In this article, Krueger outlines lessons learned from development literature on
government involvement in the economy. In the context of the states versus markets debate,
Krueger believes in free-markets with clearly outlined government intervention accepted in the
case of market failures.
A government intervention is defined as a failure if the outcome is worse than what would
have occurred under laissez-faire. Government failures fall into two categories: omission and
commission. An example of a commission failure is the public sector running enterprises. The
failure to maintain existing infrastructure typifies an omission failure.
Four main points:
 Government is not run by selfless bureaucrats, but by a mélange of people with
competing pressures and interests. Despite their competence or lack thereof, the
administrative frustrations can prove overwhelming and detract from their performance.
 The public sector possesses a comparative advantage in large scale activities that the
private sector doesn’t focus on, such as ensuring law and order and providing basic
services like roads, education, and communications.
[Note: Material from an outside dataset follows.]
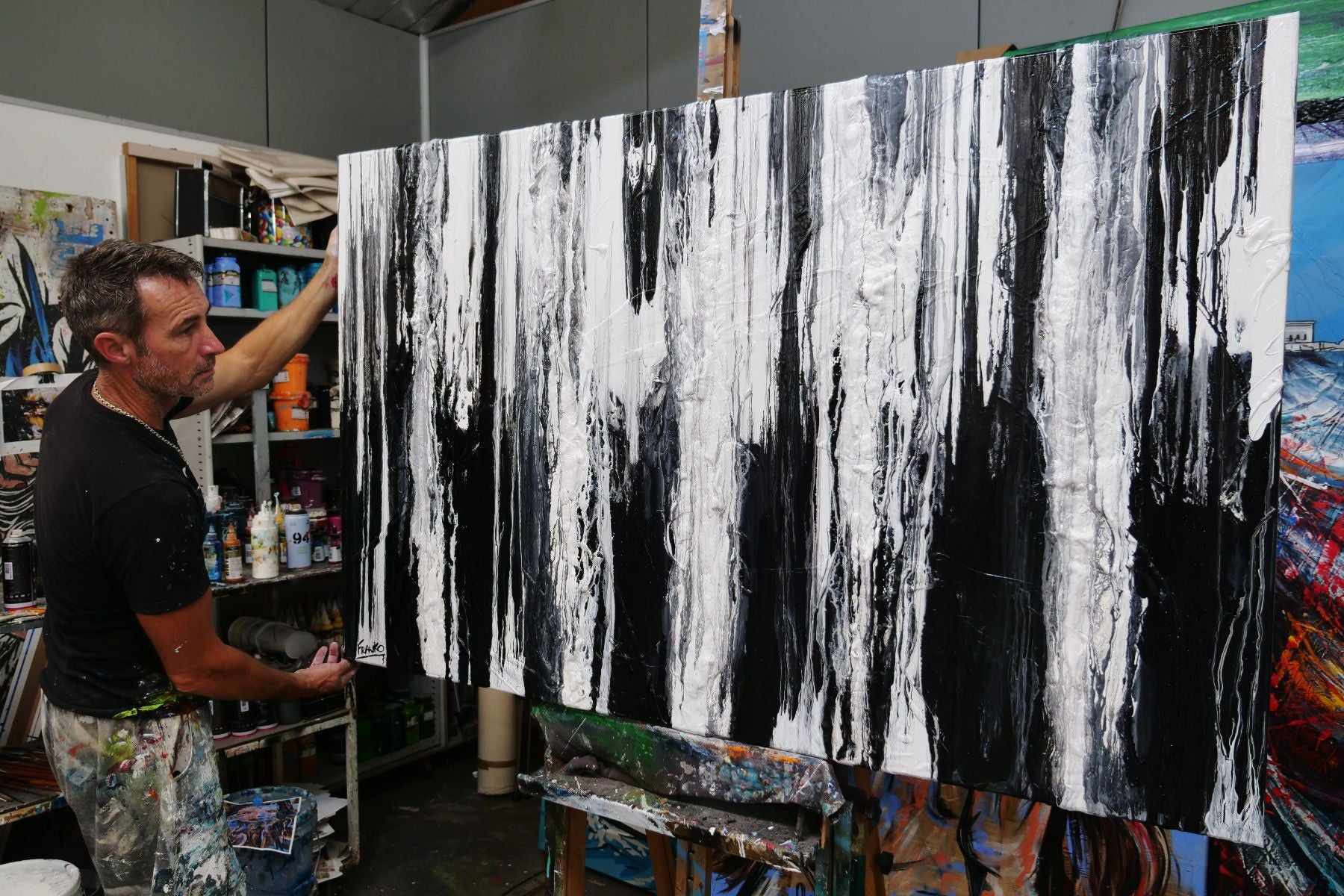 Physics 160cm x 100cm Black White Textured Abstract Painting (SOLD)-Abstract-Franko-[franko_art]-[beautiful_Art]-[The_Block]-Franklin Art Studio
Government entry into other fields
best served by the private sector is costly and detracts from other government services.
 Three features of government intervention are:
o Rent seekers take advantage of government offering things for less than their
value and try to gain rights to the valuable items.
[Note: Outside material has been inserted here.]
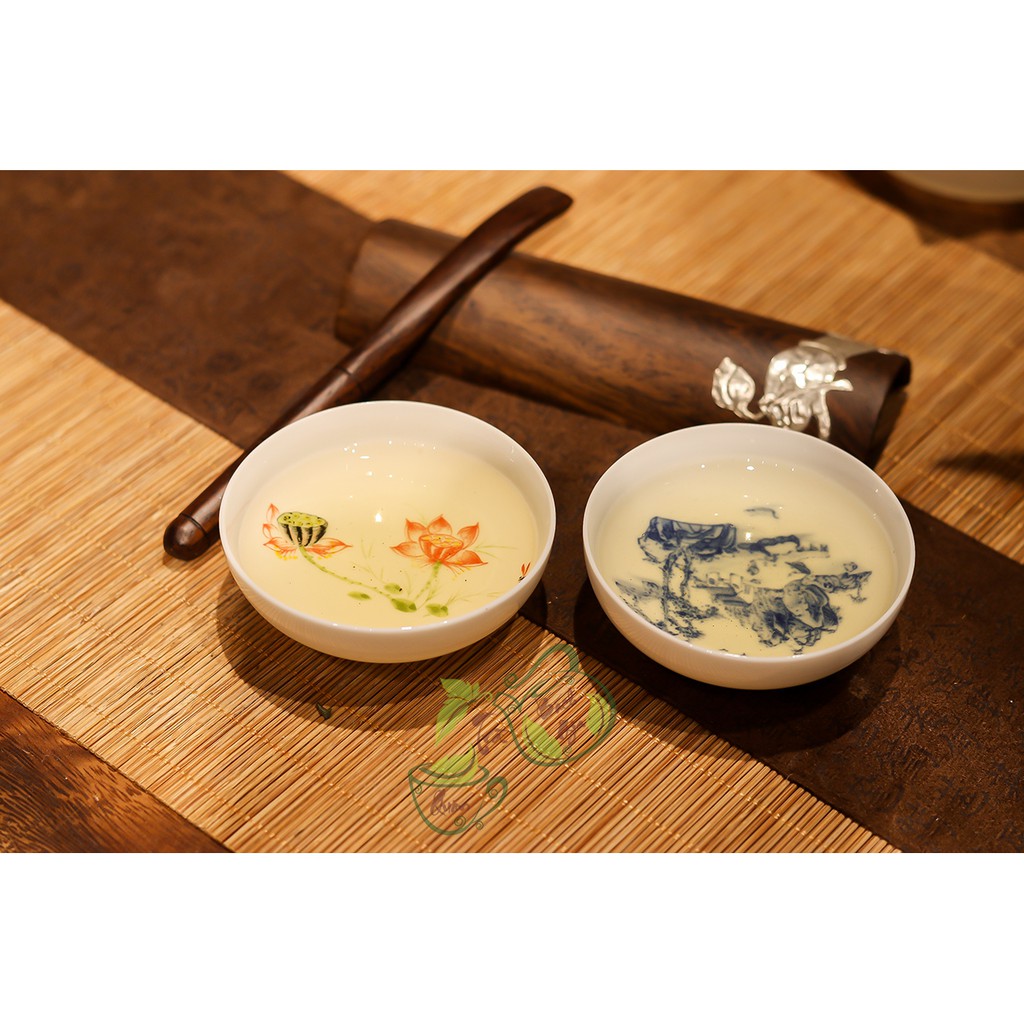 Chén Sứ Cảnh Đức - Dáng Bầu - Đài Sen Chuồn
o Beneficiaries and victims of government policies will organize and lobby to
increase their benefits or decrease their losses, regardless of where the policies
came from.
o There is a dichotomy between ministries of the government that want to spend
money on their particular program and the finance ministry, which is more likely
to economize in the public interest.
Guidelines for policy makers:
 Any government action has costs. Any government action that involves economic
activity, regulates private economic activity, or affects resources allocation should not be
implemented without procedures for deciding action and administrative capability to enact
it.
o Feasibility, resultant political pressures, and administrative cost must also be
considered.
 Policies and programs that minimize use of government resources should be prioritized.
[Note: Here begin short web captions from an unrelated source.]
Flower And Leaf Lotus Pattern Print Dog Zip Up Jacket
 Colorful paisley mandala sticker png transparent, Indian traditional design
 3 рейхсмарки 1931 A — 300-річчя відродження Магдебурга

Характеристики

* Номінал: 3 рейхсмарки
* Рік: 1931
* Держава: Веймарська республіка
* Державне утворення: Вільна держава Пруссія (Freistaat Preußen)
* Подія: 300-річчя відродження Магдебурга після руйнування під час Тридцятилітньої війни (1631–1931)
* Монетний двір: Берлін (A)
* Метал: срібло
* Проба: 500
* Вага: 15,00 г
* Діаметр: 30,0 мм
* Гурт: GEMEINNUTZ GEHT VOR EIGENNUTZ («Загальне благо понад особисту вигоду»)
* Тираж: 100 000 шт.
 Policies that reduce rent-seeking opportunities should be prioritized.
 Foster policy development that results from trade-offs or cooperation between
administrators and executors.
 Choose the most transparent policies.
In sum, one must be realistic about the capabilities of government, support government action in
the areas where it possesses a comparative advantage, and look cautiously upon government
interventions in economic matters without a clear reason, plan, and outcome strategy.